Eram militares de baixa patente que foram convocados pelo Alto Comando do
regime militar para compor forças de extermínio. Em seus livros, Elio Gaspari
conta que o próprio Ernesto Geisel avalizava suas ações.
Foram
para a linha de frente, com a ordem de exterminar os inimigos.
Quando
veio a redemocratização, parte deles foi recompensada pelos serviços prestados
e para garantir seu silêncio. Foi o caso do Major Curió, que recebeu áreas de
garimpo em Serra Pelada. Parte se perdeu pelos desvãos da vida, levando para
sempre os traumas provocados pela selvageria da repressão.
Procuradores
envolvidos com a justiça de transição aprenderam que, no final da vida, muitos
torturadores sentem necessidade de falar. Vamos a três casos que mostram a
maneira como a “tigrada” ainda atua.
Caso Paulo Manhães
Paulo
Manhães foi na Comissão Nacional da Verdade (CNV) e deu depoimentos importantes
que ajudaram a esclarecer algumas das mortes da ditadura. Logo depois, foi
assassinado. No dia seguinte ao do anúncio da sua morte, o Ministério Público
Federal do Rio de Janeiro pediu busca e apreensão em sua casa. Chegaram até um
diário que ajudou a desvendar o atentado do Rio Centro, comprovando que o carro
utilizado no atentado era de um dos militares dos porões.
O
assassinato de Manhães, não foi interpretado como queima de arquivo – pois já
tinha denunciado o que sabia -, mas como aviso.
Caso Cláudio Guerra
Cláudio
Guerra virou pastor, se converteu à Igreja Evangélica e começou a falar. Pouco
depois da morte de Manhães, divulgou a informação de que os mortos na Casa da
Morte, em Petrópolis, foram queimados nas usinas de açúcar de Campos. A
Comissão Nacional da Verdade foi até lá e nada encontrou.
Deu
depoimentos, foi protagonista do filme “O Pastor que Assassinava e Queimava
Corpos”. Não se sabe se era uma verdade que vinha a conta gotas ou se era contra
informação.
Logo
depois, sua mulher foi assassinada, assim como o filho. E os homicídios foram
atribuídos a ele. Por ter mais de 70 anos e estar doente, conseguiu transformar
a pena em prisão domiciliar. Foi punido, mas não pelos crimes da ditadura.
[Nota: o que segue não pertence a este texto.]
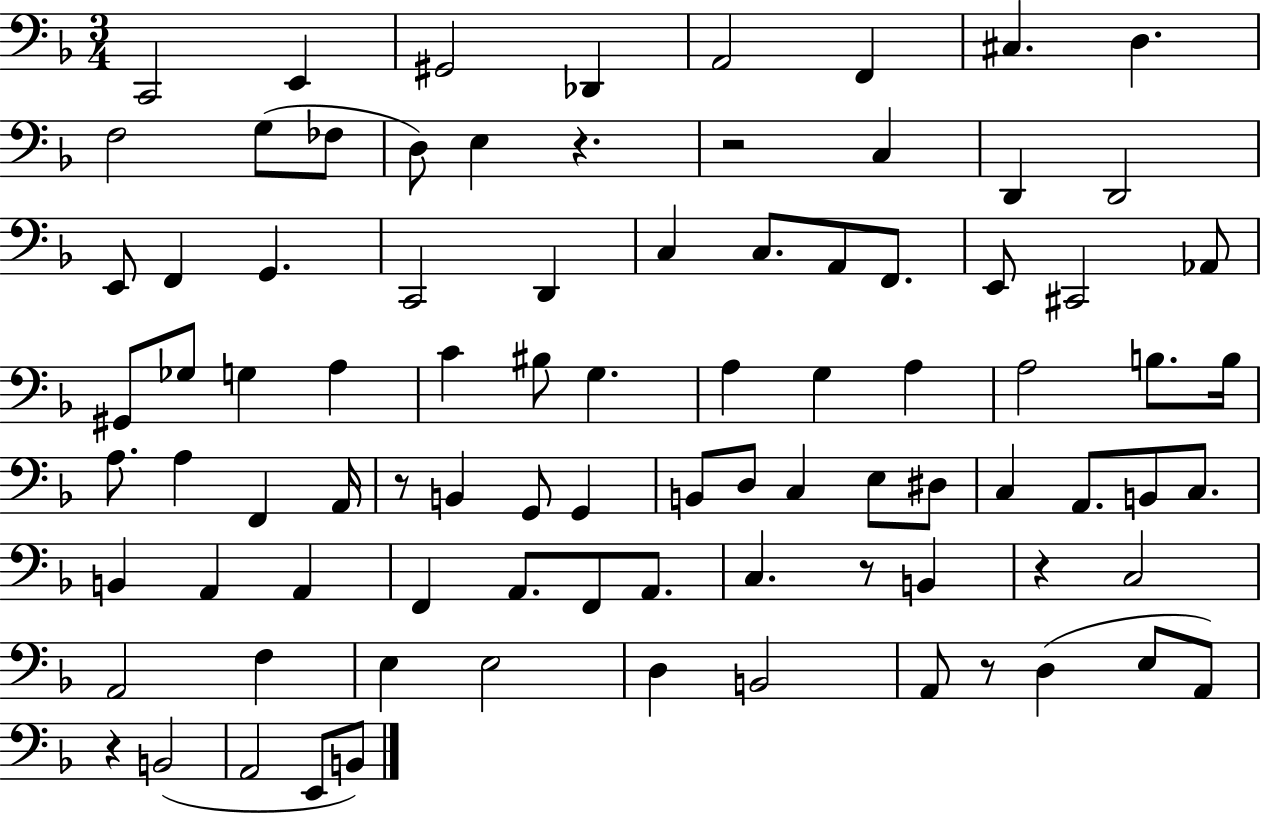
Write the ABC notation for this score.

X:1
T:Untitled
M:3/4
L:1/4
K:F
C,,2 E,, ^G,,2 _D,, A,,2 F,, ^C, D, F,2 G,/2 _F,/2 D,/2 E, z z2 C, D,, D,,2 E,,/2 F,, G,, C,,2 D,, C, C,/2 A,,/2 F,,/2 E,,/2 ^C,,2 _A,,/2 ^G,,/2 _G,/2 G, A, C ^B,/2 G, A, G, A, A,2 B,/2 B,/4 A,/2 A, F,, A,,/4 z/2 B,, G,,/2 G,, B,,/2 D,/2 C, E,/2 ^D,/2 C, A,,/2 B,,/2 C,/2 B,, A,, A,, F,, A,,/2 F,,/2 A,,/2 C, z/2 B,, z C,2 A,,2 F, E, E,2 D, B,,2 A,,/2 z/2 D, E,/2 A,,/2 z B,,2 A,,2 E,,/2 B,,/2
Provavelmente, foi vítima de uma armação.
Caso Chico Dólar
Chico
Dólar escreveu livro Macaba, nome de uma serra do Araguaia. Contava histórias
macabras, como a exigência dos oficiais de que a morte dos guerrilheiros fosse
comprovada com a entrega das suas cabeças e dedos – para reconhecimento pelas
impressões digitais e não identificação dos corpos. Depois, alguns dos
“tigrões” faziam colar com os dedos decepados dos guerrilheiros mortos.
No
livro, ele cita mais de 200 colegas que participaram desse movimento e, hoje em
dia, querem anistia. Chico acreditava piamente que fez um trabalho relevante
para a República e, assim como os colegas, ficou com distúrbios emocionais pelo
resto da vida.
Logo
depois apareceu morto. A alegação foi de suicídio, em um caso raríssimo de
suicida com tiro na testa.
Os
três casos comprovam que as forças dos porões estão vivas, ativas. Parte delas
migrou para as milícias, assim como os delegados que se tornaram bicheiros nos
anos 70. É nesse ecossistema que se deu a formação de de Jair Bolsonaro. Portanto,
está corretíssimo Janio de Freitas ao ver a ligação permanente de Bolsonaro com
a morte.
Peça 3 – o caso Marielle
Franco e Bolsonaro
Já
publicamos diversos artigos mostrando o envolvimento dos Bolsonaro com as
milícias, especialmente aquelas ligadas à morte da vereadora Marielle Franco.
Há
uma hipótese de investigação que sugere envolvimento direto de Bolsonaro, a
partir das seguintes evidências:
Quando
começou a abertura política, a “tigrada” planejou o atentado do Riocentro
dentro de uma lógica de disfarce: a idéia seria atribuir o atentado à esquerda.
Bolsonaro
se mostrou vivamente contrário à intervenção militar no Rio de Janeiro.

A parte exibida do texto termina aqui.